Israel und die islamistische Hamas haben laut US-Präsident Donald Trump erste wichtige Abmachungen im Ringen um eine Beilegung des Gaza-Kriegs getroffen. Sowohl das Vermittlerland Katar als auch die Hamas und Israel bestätigten die Einigung. Konkret werden demnach alle Geiseln bald freigelassen und Israel wird seine Truppen auf eine vereinbarte Linie zurückziehen, wie der Republikaner auf der Plattform Truth Social bekanntgab: "Alle Parteien werden fair behandelt."

"Ich bin sehr stolz, bekannt geben zu können, dass Israel und die Hamas der ersten Phase unseres Friedensplans zugestimmt haben", erklärte Trump auf Truth Social. Weiter schrieb er von einem "ersten Schritt hin zu einem starken, dauerhaften und ewigen Frieden".

Trump dankte weiteren Vermittlerländern in dem Konflikt – Katar, Ägypten und der Türkei. Im ägyptischen Scharm El-Scheich hatten indirekte Verhandlungen zwischen Israel und der Islamistenorganisation Hamas über einen von Trump vorgestellten Friedensplan stattgefunden. Damit ist zwei Jahren nach dem Beginn des Gaza-Kriegs ein Durchbruch gelungen.

Israels Premierminister Benjamin Netanjahu schrieb in einer kurzen Mitteilung auf X von einem "großartigen Tag für Israel". Er wolle am Donnerstag die Regierung einberufen und das Abkommen genehmigen lassen, verkündete Netanjahu und bedankte sich bei Donald Trump "für den Einsatz in dieser heiligen Mission, unsere Geiseln zu befreien".
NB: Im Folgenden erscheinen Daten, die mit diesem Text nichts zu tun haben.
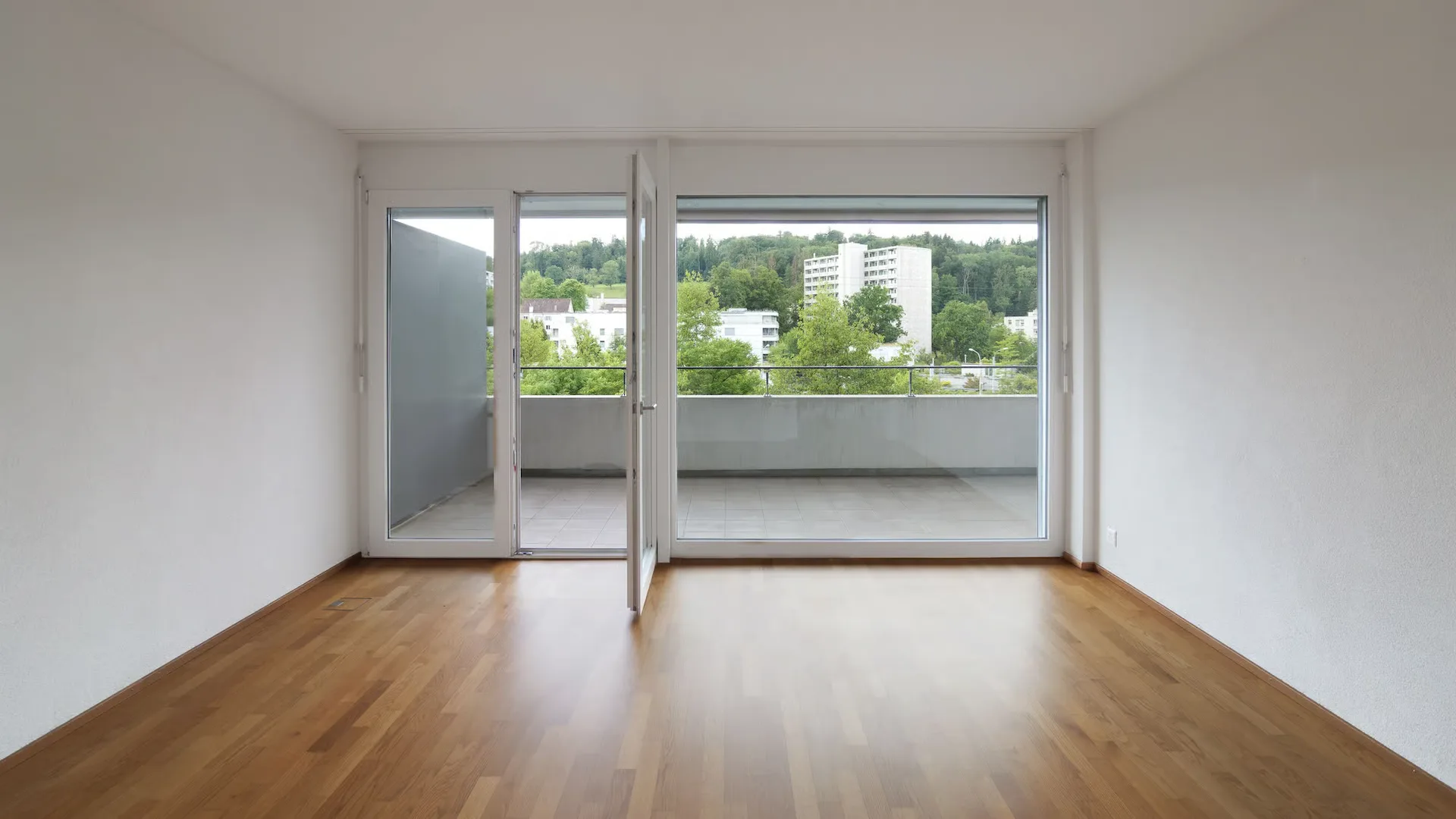 Schöne 2.5-Zimmer-Wohnung in Zürich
Gaza: Israel und Hamas bestätigen Einigung

In ihrer Mitteilung bestätigte die Hamas, dass die Einigung einen israelischen Rückzug aus der Küstenenklave sowie einen Austausch von Geiseln gegen Gefangene umfasse. Die Hamas forderte Trump und die Garantiemächte auf, sicherzustellen, dass Israel die Waffenruhe vollständig umsetze, hieß es in der Erklärung weiter.

 

Israels Armee soll sich laut Trumps Plan auf eine vereinbarte Linie zurückziehen, um die Geiselfreilassung vorzubereiten. Wo diese Linie exakt verlaufen soll, war zunächst allerdings unklar. Netanjahu sagte zuletzt, das israelische Militär solle weiterhin strategisch wichtige Gebiete "tief im Gazastreifen" kontrollieren. Der vollständige Rückzug ist laut Trumps Plan erst zu einem späteren Zeitpunkt vorgesehen, wenn eine internationale Stabilisierungstruppe (ISF) für Sicherheit vor Ort sorgt.

Die Geiseln sollen innerhalb von 72 Stunden nach der Unterzeichnung des Abkommens freikommen, verkündete die Hamas. Während der ersten Phase der Vereinbarung sollen insgesamt 20 lebende Geiseln im Austausch gegen rund 2000 in israelischen Gefängnissen inhaftierte Palästinenser freigelassen werden, erfuhr die Nachrichtenagentur AFP am Donnerstag aus Hamas-Kreisen. Im Gazastreifen befinden sich noch 48 Geiseln, von denen nach israelischen Informationen noch 20 am Leben sind. 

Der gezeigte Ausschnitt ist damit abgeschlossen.